Égypte: neuf exécutions pour avoir attaqué un poste de police en 2013

 

 

Les autorités égyptiennes ont exécuté lundi neuf personnes qui ont été reconnues coupables lors de leur procès pour avoir participé à l’attaque de 2013 contre un poste de police dans la banlieue sud du Caire, a indiqué une source judiciaire.

Les exécutions par pendaison ont eu lieu dans la prison de Wadi al-Natrou, dans la partie nord-ouest de la capitale égyptienne, selon la même source.

Les exécutions appartenaient à un groupe d’une vingtaine de personnes qui avaient été condamnées – certaines par contumace – à la fin de leur peine en 2018 pour le meurtre de 13 policiers dans les incidents violents qui ont éclaté le 14 août 2013 au Caire, après Les forces de sécurité ont dispersé deux sit-in de protestation, partisans de l’ancien président islamiste Mohamed Morsi.
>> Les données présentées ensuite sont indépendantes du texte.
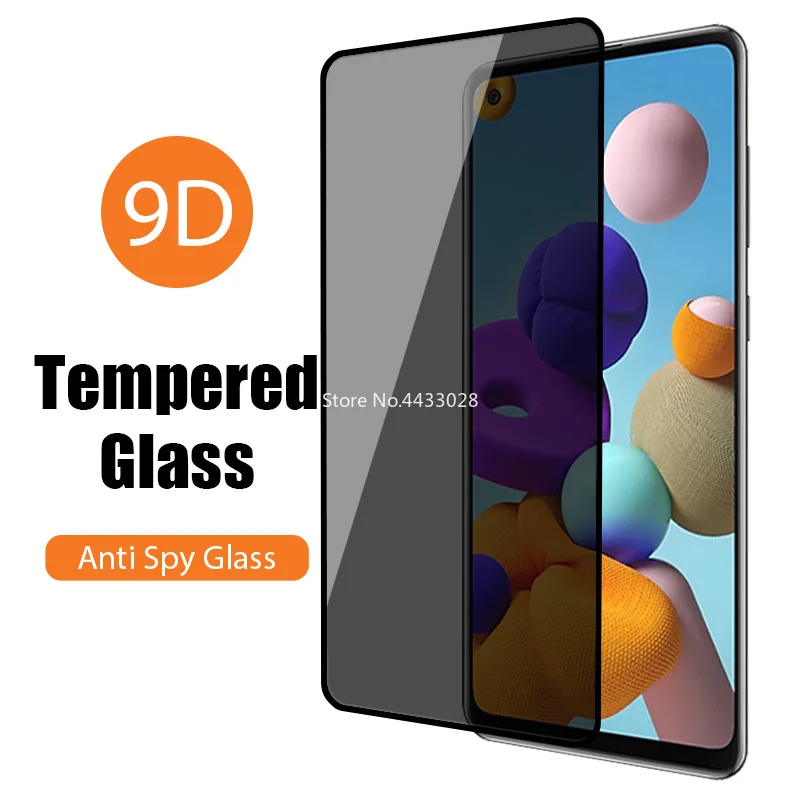

9D Privacy Tempered Glass for Samsung A10e A20e A30S A40 A50S A70S A11 A12 A21S A31 A41 A42 A51 A71 5G Anti Spy Screen Protector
Des centaines de manifestants ont alors été tués.

Une foule en colère a ensuite pris d’assaut un poste de police à Kerdasa, une banlieue sud du Caire considérée comme un bastion islamiste.

La source judiciaire n’a pas précisé le sort des 11 condamnés restants en 2018.
Selon les organisations de défense des droits de l’homme, dans les épisodes étendus du 14 août 2013, « l’un des plus grands massacres de masse de manifestants en une seule journée dans l’histoire moderne » a été commis.

« Les exécutions (…) sont une démonstration horrible du mépris des autorités égyptiennes pour leur droit à la vie et leurs obligations en vertu du droit international », a déclaré Amnesty International dans un communiqué de presse publié hier.

Les exécutions en Égypte sont souvent critiquées par les ONG de défense des droits de l’homme. Selon Amnesty, les autorités égyptiennes ont exécuté au moins 107 personnes en 2020, soit trois fois la moyenne annuelle.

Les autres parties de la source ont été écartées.